▶ [INFORMATION]
+ + + + + + +

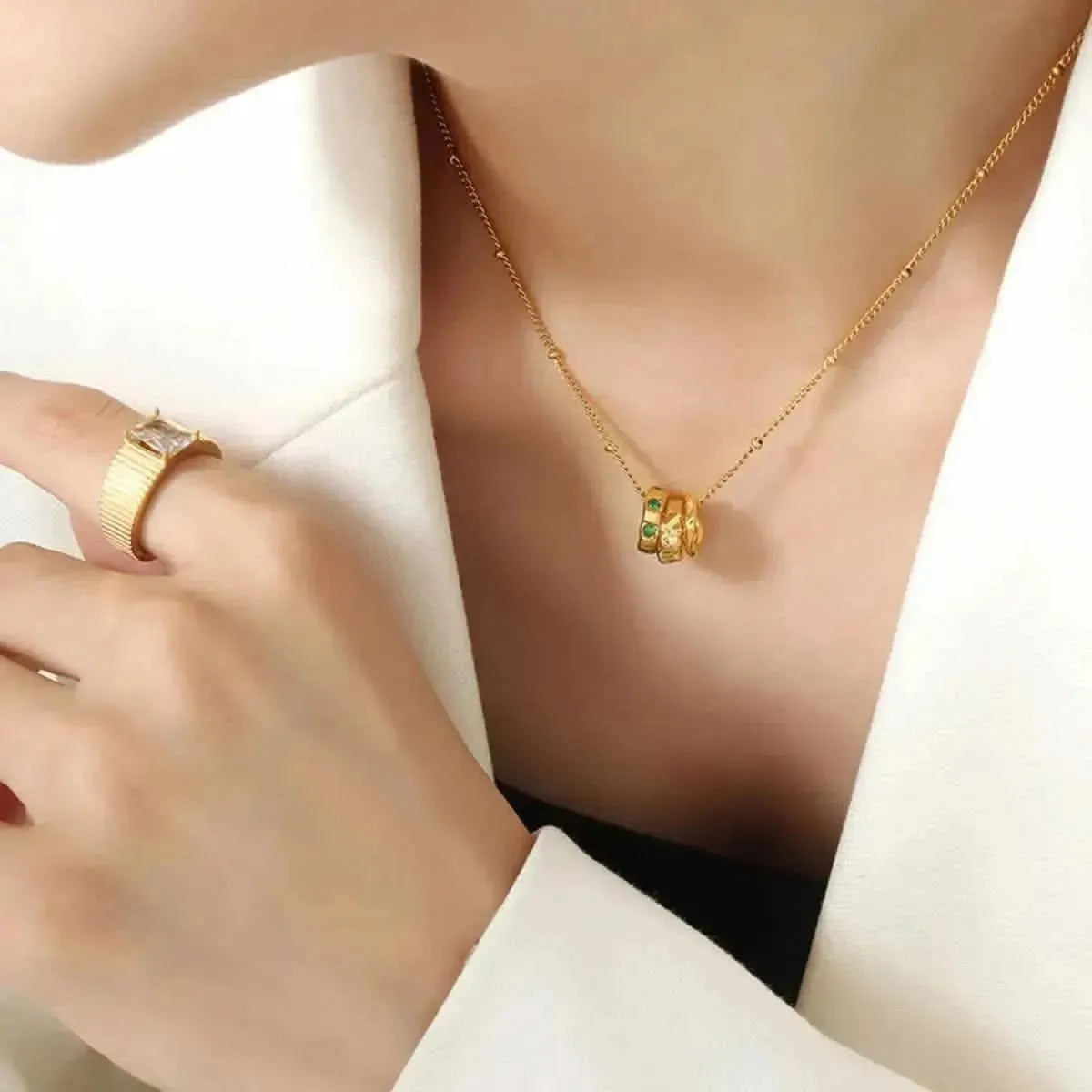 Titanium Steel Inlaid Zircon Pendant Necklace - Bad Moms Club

+ + + + + + +

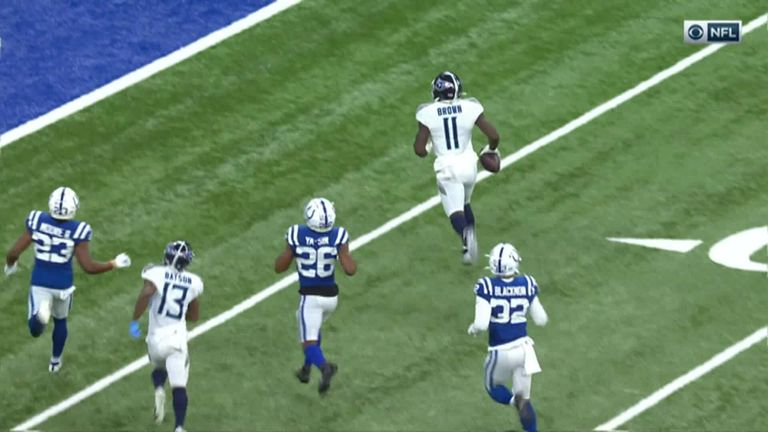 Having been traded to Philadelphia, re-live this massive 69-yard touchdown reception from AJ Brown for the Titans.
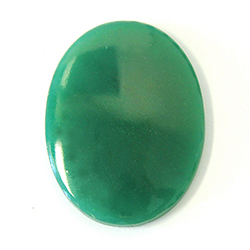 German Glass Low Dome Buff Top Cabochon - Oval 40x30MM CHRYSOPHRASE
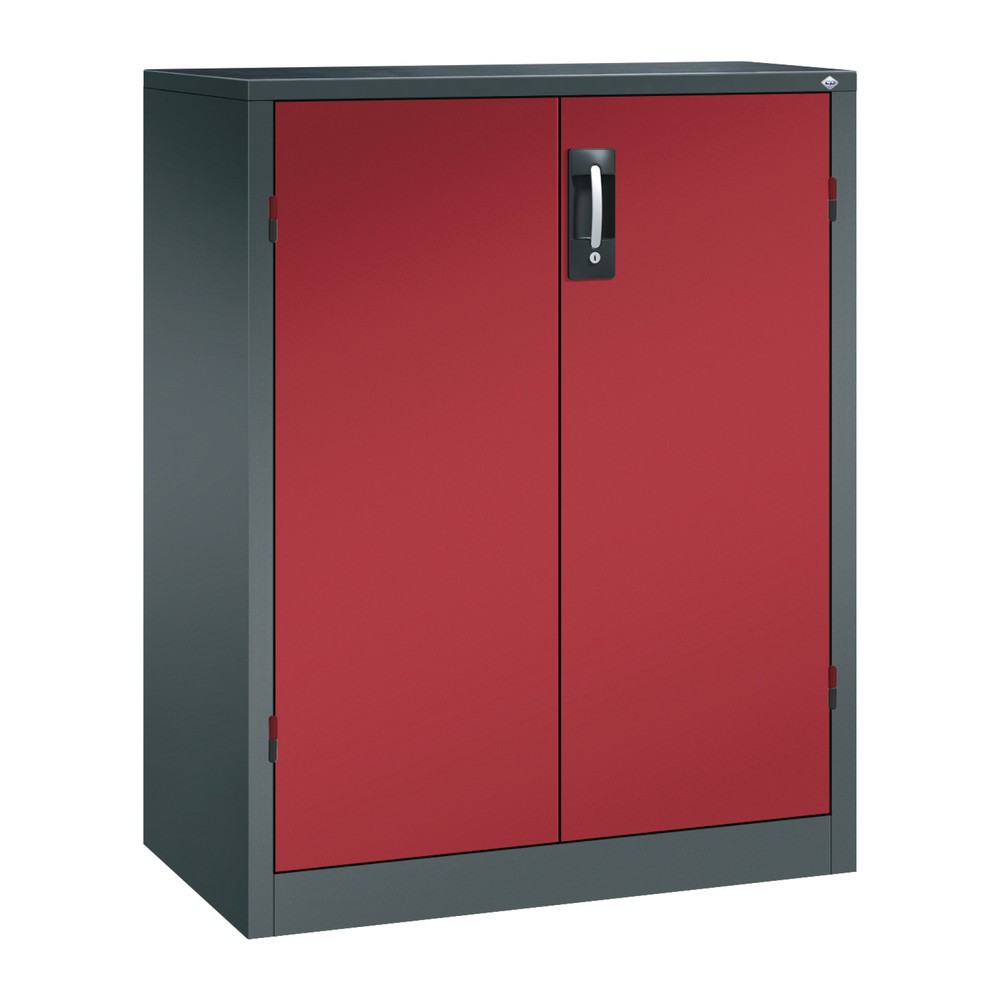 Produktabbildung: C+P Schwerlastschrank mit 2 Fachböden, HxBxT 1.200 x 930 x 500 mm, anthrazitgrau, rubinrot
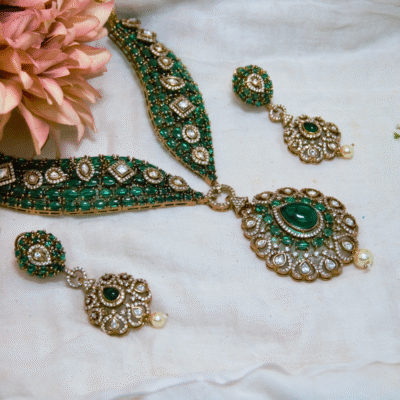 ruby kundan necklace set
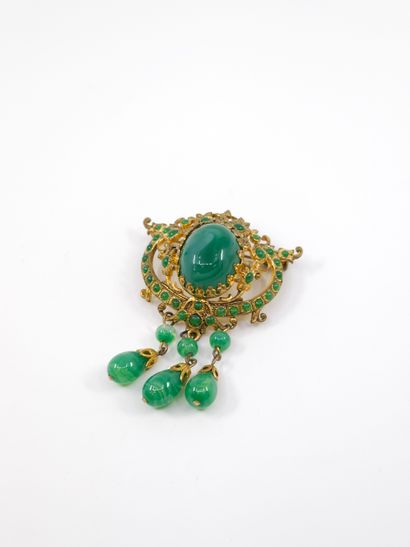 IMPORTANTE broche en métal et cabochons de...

+ + + + + + +

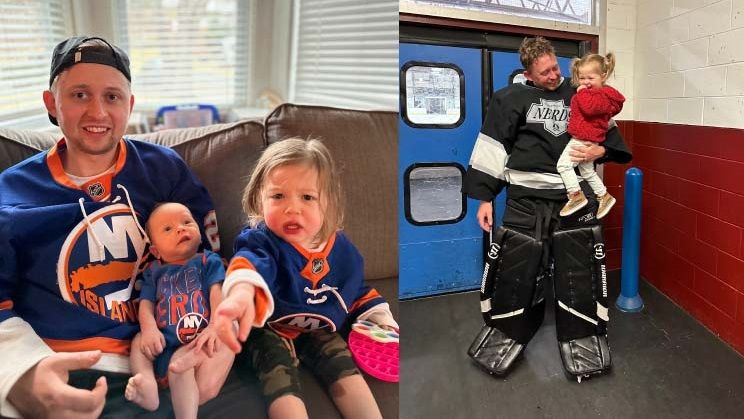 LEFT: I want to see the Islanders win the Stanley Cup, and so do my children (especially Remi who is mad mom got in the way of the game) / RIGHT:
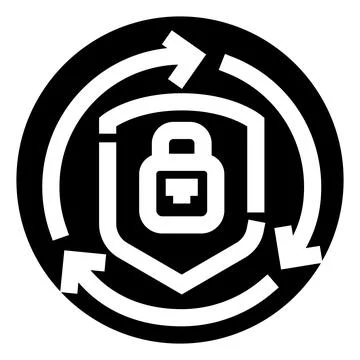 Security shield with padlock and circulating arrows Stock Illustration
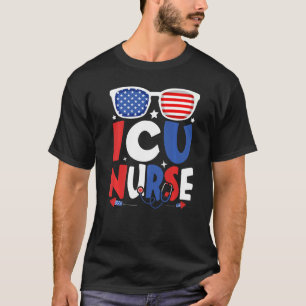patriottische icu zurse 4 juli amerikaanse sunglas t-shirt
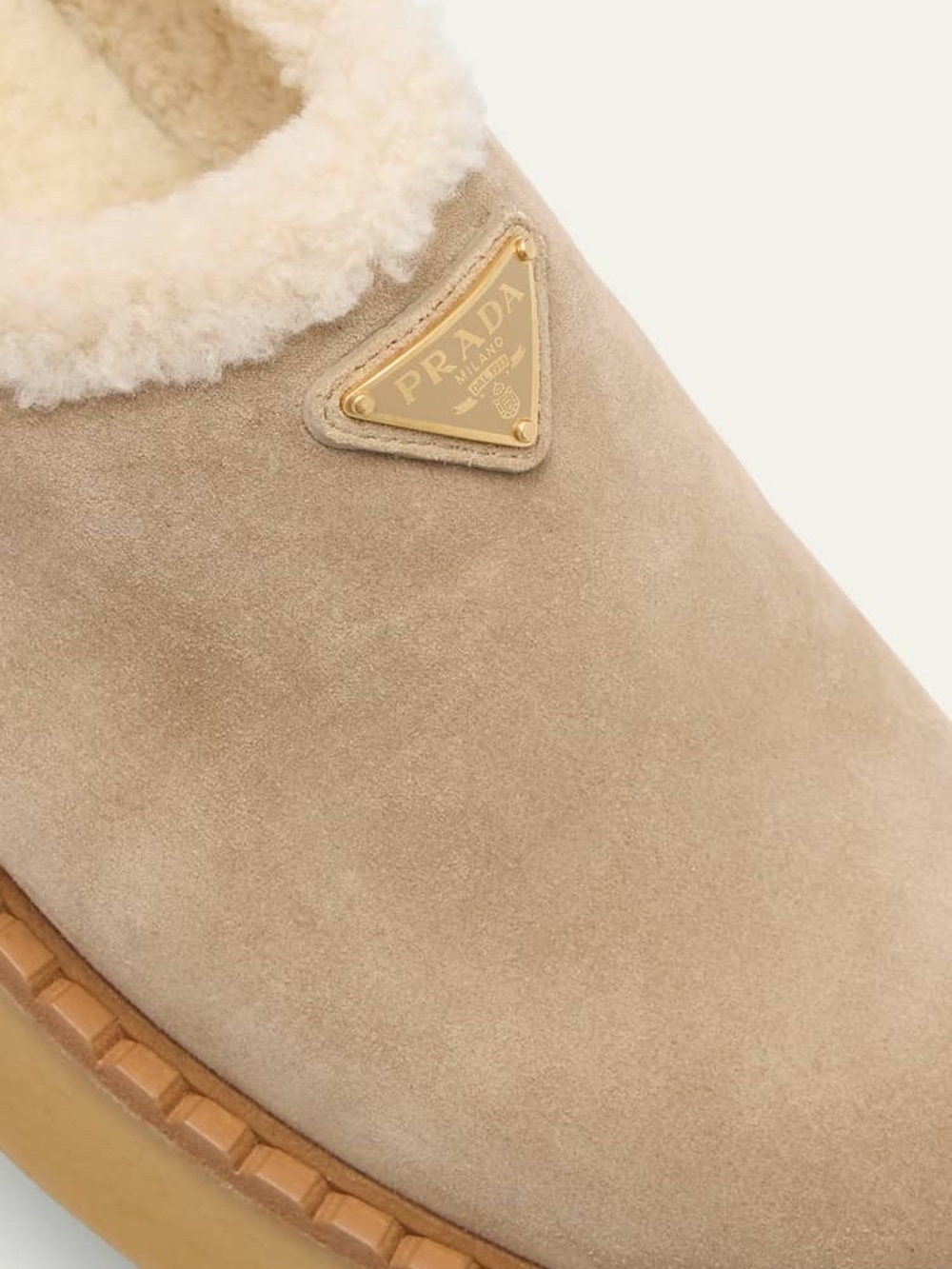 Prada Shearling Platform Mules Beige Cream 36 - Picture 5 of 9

+ + + + + + +

▶ [REQUIREMENT] Give back exactly, and solely, the section of the data above bounded by the line containing "Produktabbildung: C+P Schwerlastschrank" and the line containing "IMPORTANTE broche en", both bounding lines included and pictures omitted.

▶ [THE ANSWER]
 Produktabbildung: C+P Schwerlastschrank mit 2 Fachböden, HxBxT 1.200 x 930 x 500 mm, anthrazitgrau, rubinrot
 ruby kundan necklace set
 IMPORTANTE broche en métal et cabochons de...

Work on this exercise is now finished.